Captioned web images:
—————

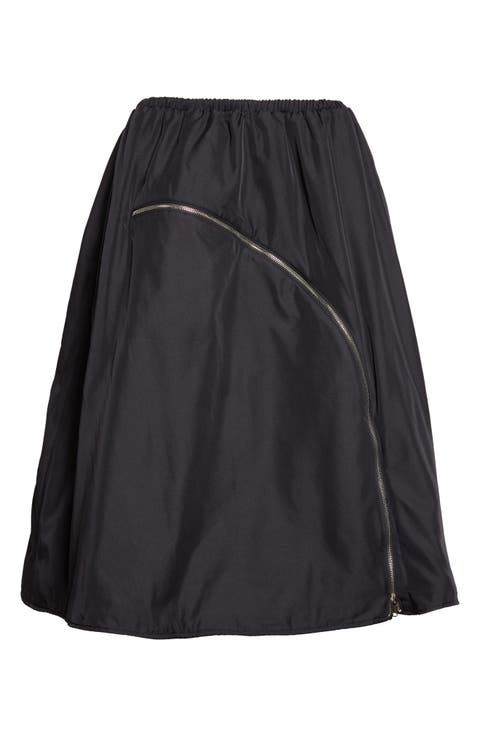 A-Line Bomber Skirt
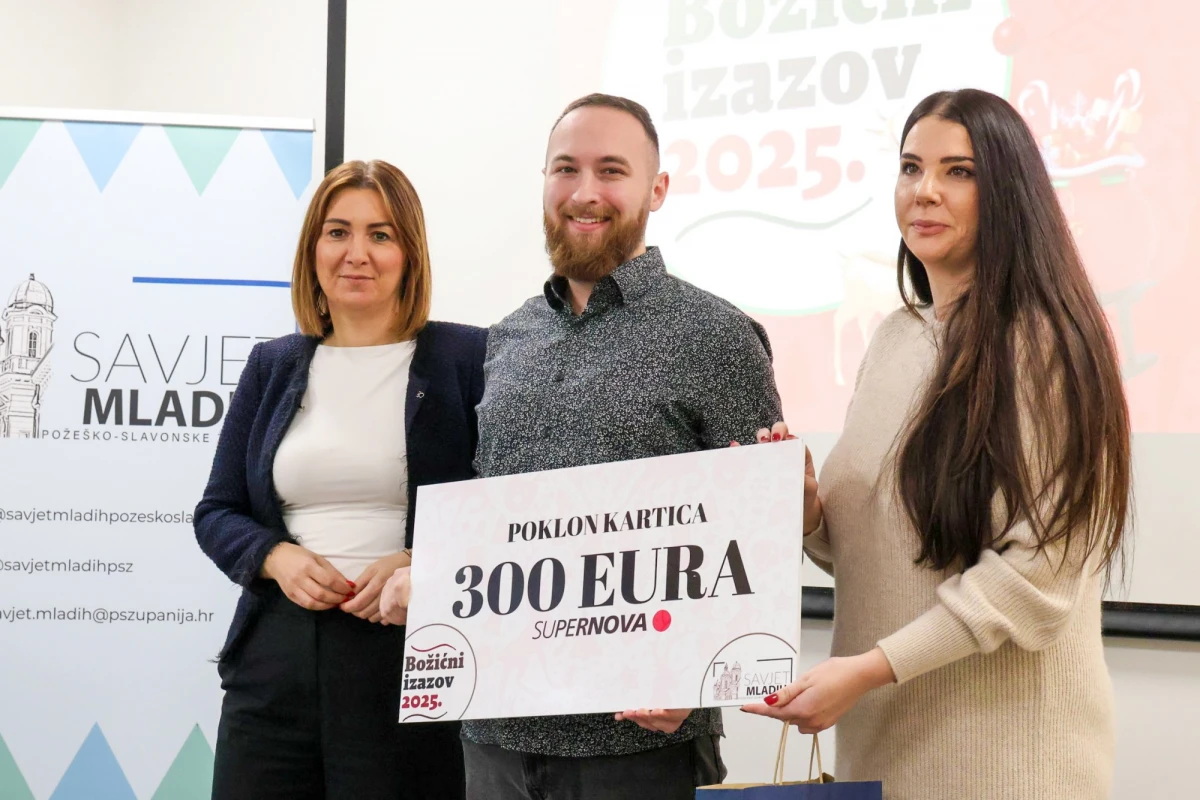 „Božićni izazov 2025“: Nagrađeni najkreativniji mladi Požeško-slavonske županije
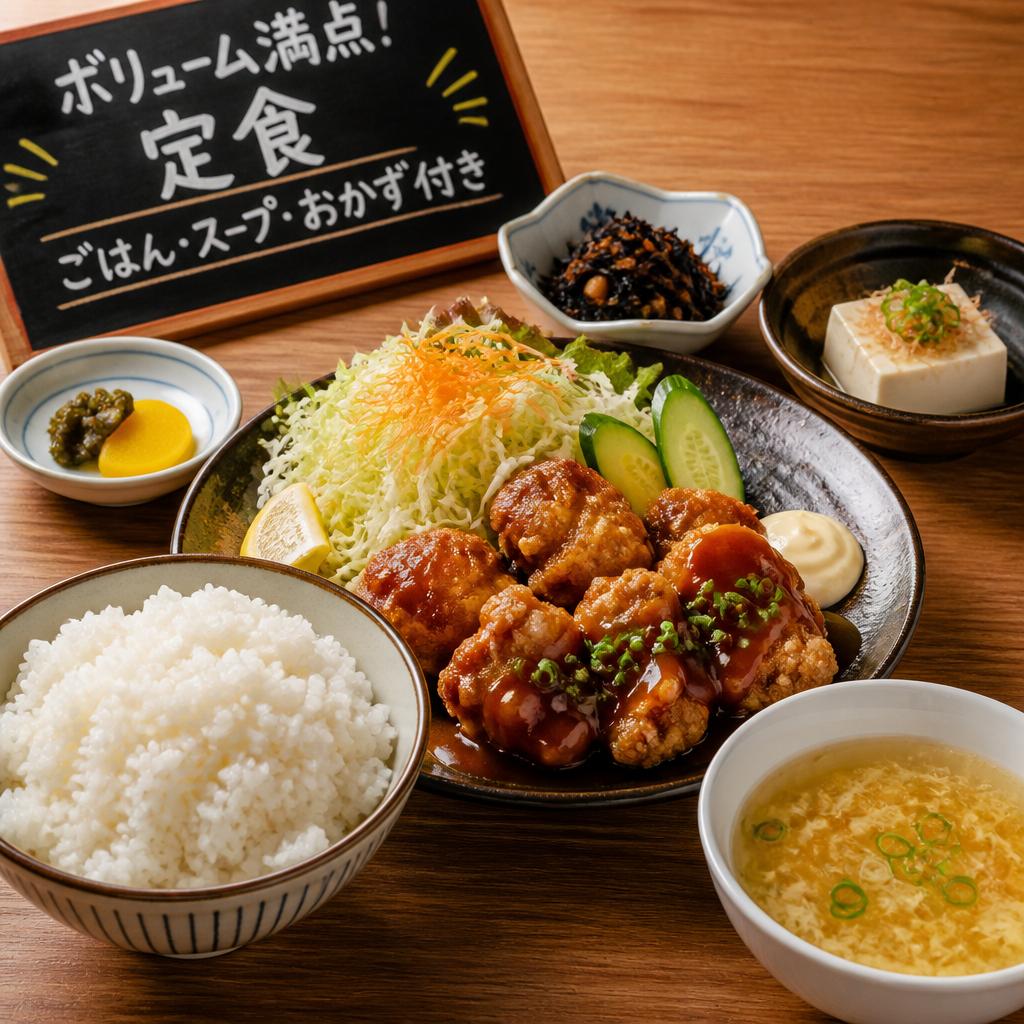 定食メニューの魅力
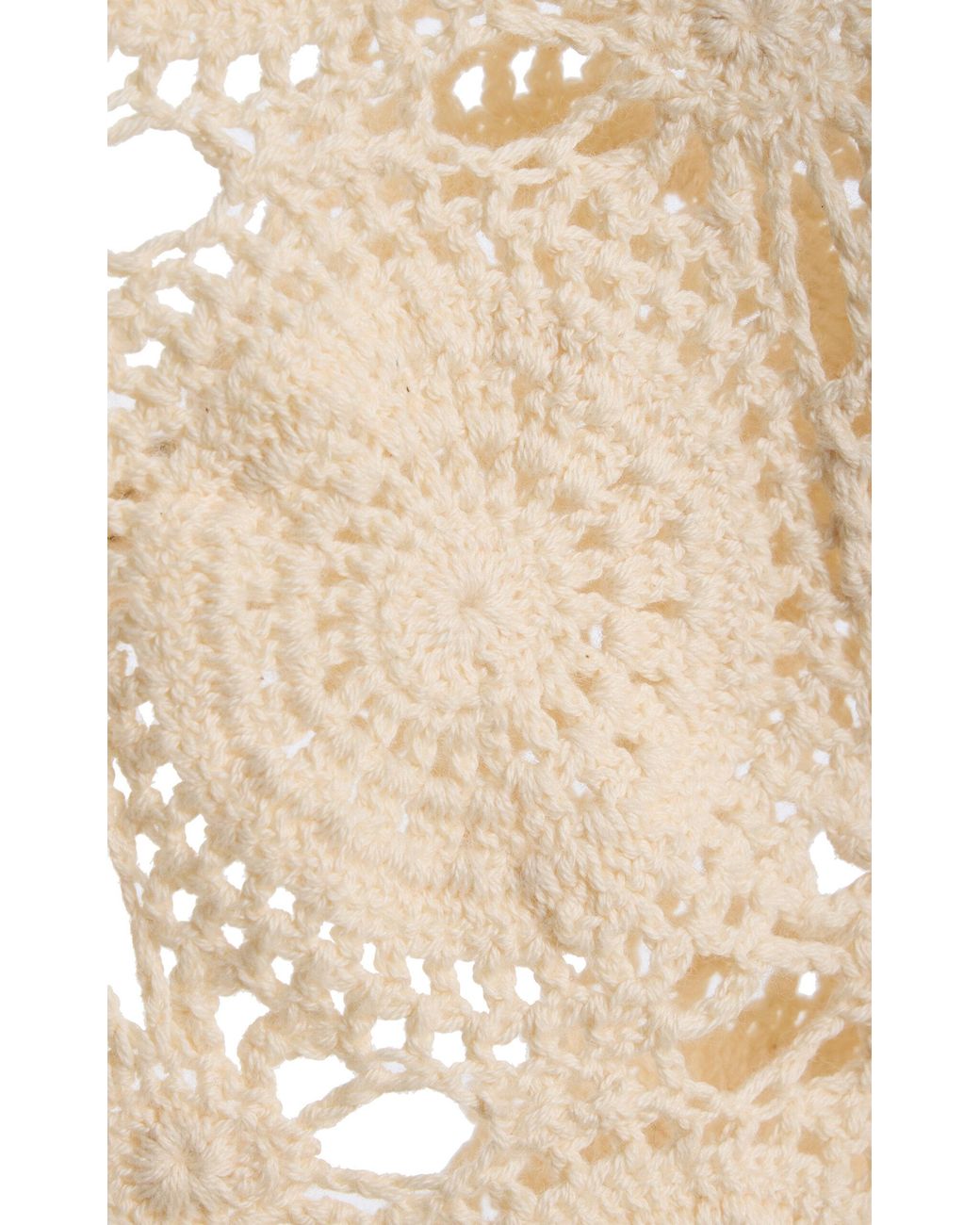 Escvdo Natural Siula Crocheted Cotton Top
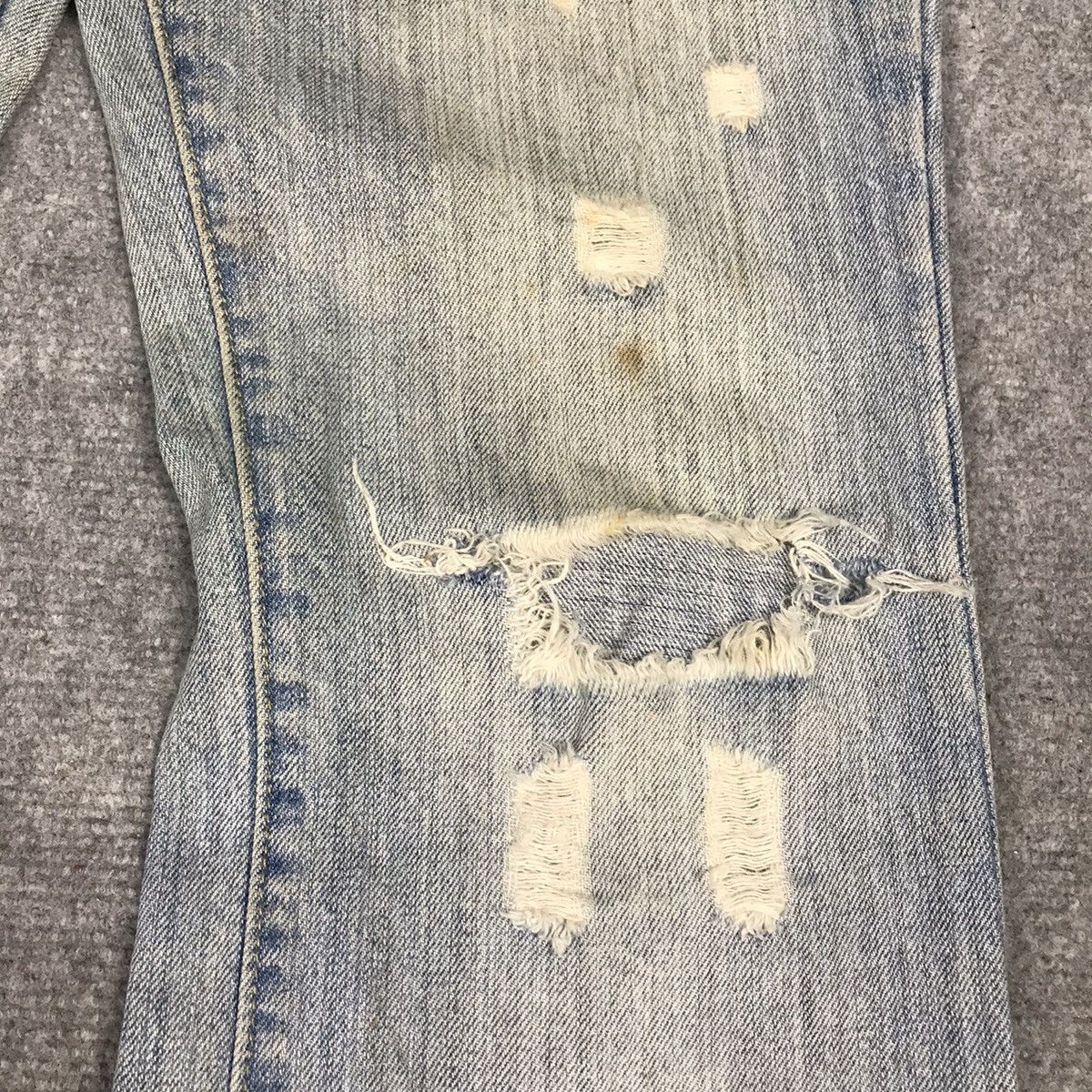 FLARE JAPAN STYLE ABERCROMBIE PATCHWORK DISTRESS JEANS PANTS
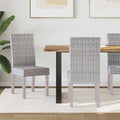 Esszimmerstuhl 2 pcs Kubu-Rattan und Massivholz aus Mahagoni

—————

PROBLEM DETAILS:
From the first line to the last, output the records exactly without pictures.

OUTPUT FOR THIS EXERCISE:
 A-Line Bomber Skirt
 „Božićni izazov 2025“: Nagrađeni najkreativniji mladi Požeško-slavonske županije
 定食メニューの魅力
 Escvdo Natural Siula Crocheted Cotton Top
 FLARE JAPAN STYLE ABERCROMBIE PATCHWORK DISTRESS JEANS PANTS
 Esszimmerstuhl 2 pcs Kubu-Rattan und Massivholz aus Mahagoni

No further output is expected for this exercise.